Effects of lipopolysaccharide-induced inflammation on initial lung fibrosis during open-lung mechanical ventilation in rats

• We used a rat model of continuous LPS-infusion to model acute lung injury.
• All animals were ventilated with low tidal volumes and open lung PEEP.
• Type I and III procollagen expression decreased in all LPS groups.
• We found a negative correlation between proinflammatory mediators and procollagen expression.
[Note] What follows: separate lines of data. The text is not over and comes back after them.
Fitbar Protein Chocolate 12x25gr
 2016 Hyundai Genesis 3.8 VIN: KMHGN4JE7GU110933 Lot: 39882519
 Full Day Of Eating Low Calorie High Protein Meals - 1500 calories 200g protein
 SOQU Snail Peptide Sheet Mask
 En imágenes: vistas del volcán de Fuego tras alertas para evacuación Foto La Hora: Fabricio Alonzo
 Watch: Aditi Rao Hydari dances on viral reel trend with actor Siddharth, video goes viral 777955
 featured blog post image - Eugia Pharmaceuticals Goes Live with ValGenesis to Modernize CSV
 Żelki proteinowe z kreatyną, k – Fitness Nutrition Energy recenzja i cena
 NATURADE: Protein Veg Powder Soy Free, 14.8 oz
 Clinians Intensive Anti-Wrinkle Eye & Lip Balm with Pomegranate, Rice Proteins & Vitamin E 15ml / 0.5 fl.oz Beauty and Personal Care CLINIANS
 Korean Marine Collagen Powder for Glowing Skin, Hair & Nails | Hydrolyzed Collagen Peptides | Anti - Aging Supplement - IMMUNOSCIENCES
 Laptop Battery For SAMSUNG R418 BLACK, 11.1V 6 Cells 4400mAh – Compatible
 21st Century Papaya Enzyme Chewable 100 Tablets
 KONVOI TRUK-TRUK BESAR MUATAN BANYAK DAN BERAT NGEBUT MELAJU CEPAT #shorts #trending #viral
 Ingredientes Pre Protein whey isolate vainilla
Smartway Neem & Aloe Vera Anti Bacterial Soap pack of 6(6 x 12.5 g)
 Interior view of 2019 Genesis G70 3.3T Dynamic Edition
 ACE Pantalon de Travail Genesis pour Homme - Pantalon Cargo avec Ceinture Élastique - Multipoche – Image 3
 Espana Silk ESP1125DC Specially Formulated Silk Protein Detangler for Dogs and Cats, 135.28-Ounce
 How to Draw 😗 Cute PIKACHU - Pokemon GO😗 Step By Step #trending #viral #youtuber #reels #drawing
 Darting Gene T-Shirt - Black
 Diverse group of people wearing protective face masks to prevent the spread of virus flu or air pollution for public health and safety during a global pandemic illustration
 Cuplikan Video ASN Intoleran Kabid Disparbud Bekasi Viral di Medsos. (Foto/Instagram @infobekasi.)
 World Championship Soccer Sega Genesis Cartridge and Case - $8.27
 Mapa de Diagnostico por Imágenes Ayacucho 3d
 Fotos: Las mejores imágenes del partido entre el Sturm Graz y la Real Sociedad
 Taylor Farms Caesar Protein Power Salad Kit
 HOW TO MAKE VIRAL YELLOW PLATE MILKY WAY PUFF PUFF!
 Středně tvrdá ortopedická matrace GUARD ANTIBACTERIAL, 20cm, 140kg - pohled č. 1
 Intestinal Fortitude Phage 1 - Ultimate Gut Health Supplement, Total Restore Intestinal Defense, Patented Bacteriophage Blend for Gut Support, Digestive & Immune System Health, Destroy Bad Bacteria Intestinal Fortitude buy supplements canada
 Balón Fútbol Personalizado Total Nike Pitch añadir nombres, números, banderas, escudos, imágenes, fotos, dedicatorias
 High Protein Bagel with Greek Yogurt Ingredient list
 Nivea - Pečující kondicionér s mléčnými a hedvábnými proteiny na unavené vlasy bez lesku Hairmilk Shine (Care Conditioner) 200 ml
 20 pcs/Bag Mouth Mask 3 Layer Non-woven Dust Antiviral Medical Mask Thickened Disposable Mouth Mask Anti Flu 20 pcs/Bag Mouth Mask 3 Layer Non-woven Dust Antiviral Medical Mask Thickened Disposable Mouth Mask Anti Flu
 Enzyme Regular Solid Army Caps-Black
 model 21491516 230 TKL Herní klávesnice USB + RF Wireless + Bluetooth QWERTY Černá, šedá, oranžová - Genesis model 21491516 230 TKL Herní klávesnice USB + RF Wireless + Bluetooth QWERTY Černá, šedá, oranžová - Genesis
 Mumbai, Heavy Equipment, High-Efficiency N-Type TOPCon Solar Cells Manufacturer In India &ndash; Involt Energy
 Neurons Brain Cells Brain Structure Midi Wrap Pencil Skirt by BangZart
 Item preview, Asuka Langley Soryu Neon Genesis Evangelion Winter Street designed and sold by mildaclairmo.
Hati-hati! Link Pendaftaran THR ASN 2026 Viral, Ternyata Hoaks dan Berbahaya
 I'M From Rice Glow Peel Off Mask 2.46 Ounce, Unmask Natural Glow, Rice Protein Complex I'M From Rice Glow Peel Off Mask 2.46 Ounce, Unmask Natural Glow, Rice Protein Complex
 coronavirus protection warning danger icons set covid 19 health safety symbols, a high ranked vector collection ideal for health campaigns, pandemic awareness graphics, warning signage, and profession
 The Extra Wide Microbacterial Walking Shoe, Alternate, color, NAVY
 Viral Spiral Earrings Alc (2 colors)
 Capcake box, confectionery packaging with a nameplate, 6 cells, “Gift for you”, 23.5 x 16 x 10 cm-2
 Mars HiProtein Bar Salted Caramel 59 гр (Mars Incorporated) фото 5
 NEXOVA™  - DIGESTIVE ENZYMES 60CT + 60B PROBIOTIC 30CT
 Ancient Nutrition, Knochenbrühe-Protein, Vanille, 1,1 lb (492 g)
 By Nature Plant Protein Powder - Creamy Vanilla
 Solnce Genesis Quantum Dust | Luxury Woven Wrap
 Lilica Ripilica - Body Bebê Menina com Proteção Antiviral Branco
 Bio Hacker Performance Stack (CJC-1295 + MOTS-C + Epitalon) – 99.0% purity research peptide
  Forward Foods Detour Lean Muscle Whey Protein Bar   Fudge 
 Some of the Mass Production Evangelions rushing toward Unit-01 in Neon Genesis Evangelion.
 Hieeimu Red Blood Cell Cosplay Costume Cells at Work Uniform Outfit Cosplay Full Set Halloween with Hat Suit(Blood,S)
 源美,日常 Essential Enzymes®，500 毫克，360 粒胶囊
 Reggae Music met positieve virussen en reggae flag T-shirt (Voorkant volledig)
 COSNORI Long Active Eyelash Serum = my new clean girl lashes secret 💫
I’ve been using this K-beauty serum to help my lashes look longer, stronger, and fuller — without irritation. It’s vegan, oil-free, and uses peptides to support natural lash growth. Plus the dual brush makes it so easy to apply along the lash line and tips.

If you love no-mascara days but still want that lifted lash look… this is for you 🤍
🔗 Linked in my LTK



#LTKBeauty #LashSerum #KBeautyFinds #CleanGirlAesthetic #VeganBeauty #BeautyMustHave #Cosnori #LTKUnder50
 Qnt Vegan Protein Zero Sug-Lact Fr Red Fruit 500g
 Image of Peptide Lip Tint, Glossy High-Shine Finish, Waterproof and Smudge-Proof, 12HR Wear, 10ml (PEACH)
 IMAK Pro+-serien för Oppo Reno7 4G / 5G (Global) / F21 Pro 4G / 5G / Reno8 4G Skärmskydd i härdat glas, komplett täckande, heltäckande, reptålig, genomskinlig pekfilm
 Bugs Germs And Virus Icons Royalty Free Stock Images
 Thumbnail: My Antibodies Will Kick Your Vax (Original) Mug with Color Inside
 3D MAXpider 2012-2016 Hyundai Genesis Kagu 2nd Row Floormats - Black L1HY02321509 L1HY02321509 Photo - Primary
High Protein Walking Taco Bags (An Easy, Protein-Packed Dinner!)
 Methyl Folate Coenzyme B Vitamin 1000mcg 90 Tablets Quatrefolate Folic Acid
This study aimed to assess the impact of pulmonary inflammation on early fibrotic response in rats challenged with increasing doses of lipopolysaccharide (LPS). Twenty-four rats were randomized and infused with three different increasing doses of continuous LPS infusion (n = 8/group) while being ventilated with low tidal volumes and open-lung positive end-expiratory pressure. Another eight animals served as uninjured control group. Hemodynamics, gas exchange, respiratory system mechanics, lung histology, α-smooth muscle actin, plasma cytokines, and mRNA expression of cytokines and type I and III procollagen in lung tissue were assessed. We found impaired hemodynamics and gas exchange as well as higher histological lung injury scores and α-smooth muscle actin expressions in the medium LPS dose compared to control and the lower LPS dose. The highest LPS dose did not cause further aggravation of these findings. In all LPS groups type I and III procollagen decreased compared to controls and there was a negative correlation between type III procollagen-RNA expression and proinflammatory mediators.